Presence of ethanol-sensitive and ethanol-insensitive glycine receptors in the ventral tegmental area and prefrontal cortex in mice

Anibal Araya  1   2 Scarlet Gallegos  1 Rodrigo Viveros  1 Loreto San Martin  1 Braulio Muñoz  1 Robert J Harvey  3   4 Hanns U Zeilhofer  5 Luis G Aguayo  1
Affiliations

Presence of ethanol-sensitive and ethanol-insensitive glycine receptors in the ventral tegmental area and prefrontal cortex in mice

Anibal Araya et al. Br J Pharmacol. 2021 Dec.

Abstract

Background and purpose: Glycine receptors composed of α1 and β subunits are primarily found in the spinal cord and brainstem and are potentiated by ethanol (10-100 mM). However, much less is known about the presence, composition and ethanol sensitivity of these receptors in higher CNS regions. Here, we examined two regions of the brain reward system, the ventral tegmental area (VTA) and the prefrontal cortex (PFC), to determine their glycine receptor subunit composition and sensitivity to ethanol.

Experimental approach: We used Western blot, immunohistochemistry and electrophysiological techniques in three different models: wild-type C57BL/6, glycine receptor subunit α1 knock-in and glycine receptor subunit α2 knockout mice.

Key results: Similar levels of α and β receptor subunits were detected in both brain regions, and electrophysiological recordings demonstrated the presence of glycine-activated currents in both areas. Sensitivity of glycine receptors to glycine was lower in the PFC compared with VTA. Picrotoxin only partly blocked the glycine-activated current in the PFC and VTA, indicating that both regions express heteromeric αβ receptors. Glycine receptors in VTA neurons, but not in PFC neurons, were potentiated by ethanol.
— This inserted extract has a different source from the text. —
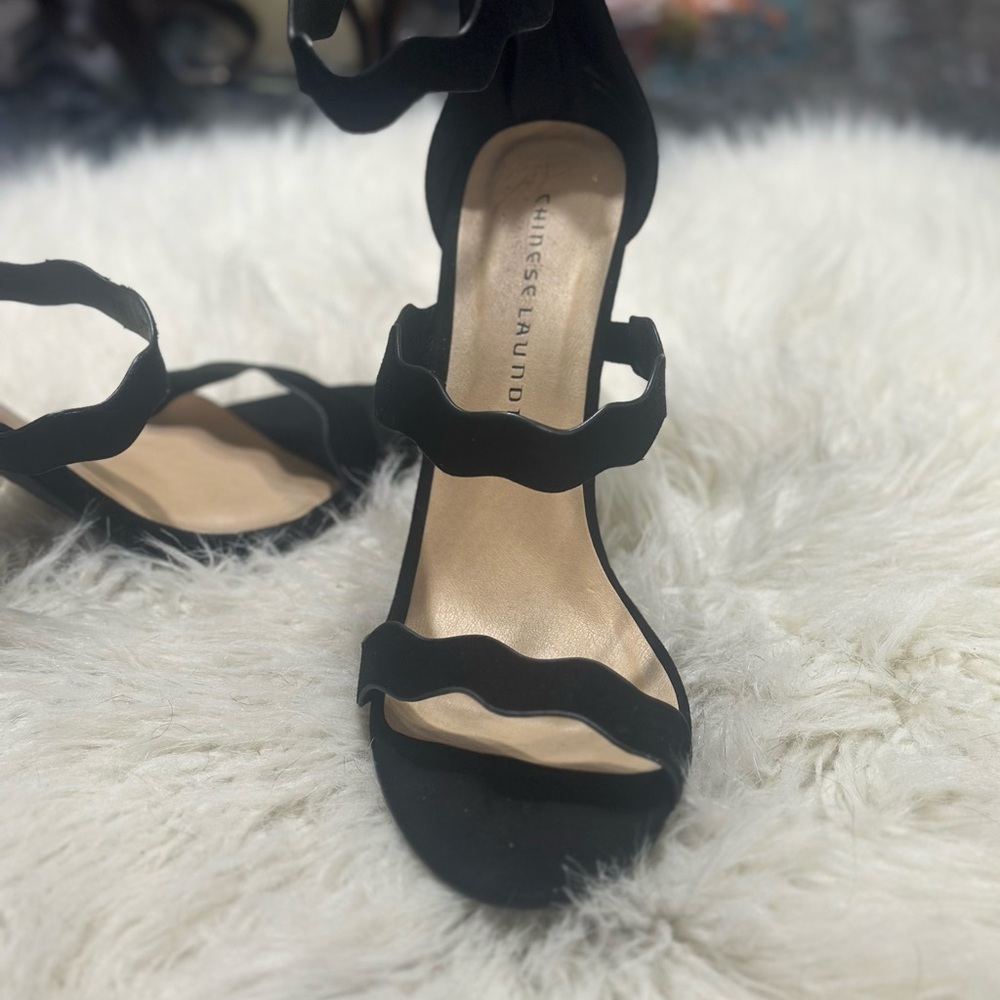 Chinese Laundry Black Wavy Strap Heels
Conclusion and implications: Glycine receptors in VTA neurons from WT and α2 KO mice were potentiated by ethanol, but not in neurons from the α1 KI mice, supporting the conclusion that α1 glycine receptors are predominantly expressed in the VTA. By contrast, glycine receptors in PFC neurons were not potentiated in any of the mouse models studied, suggesting the presence of α2/α3/α4, rather than α1 glycine receptor subunits.

Keywords: PFC; VTA; ethanol; glycine receptors; reward system; subunit composition.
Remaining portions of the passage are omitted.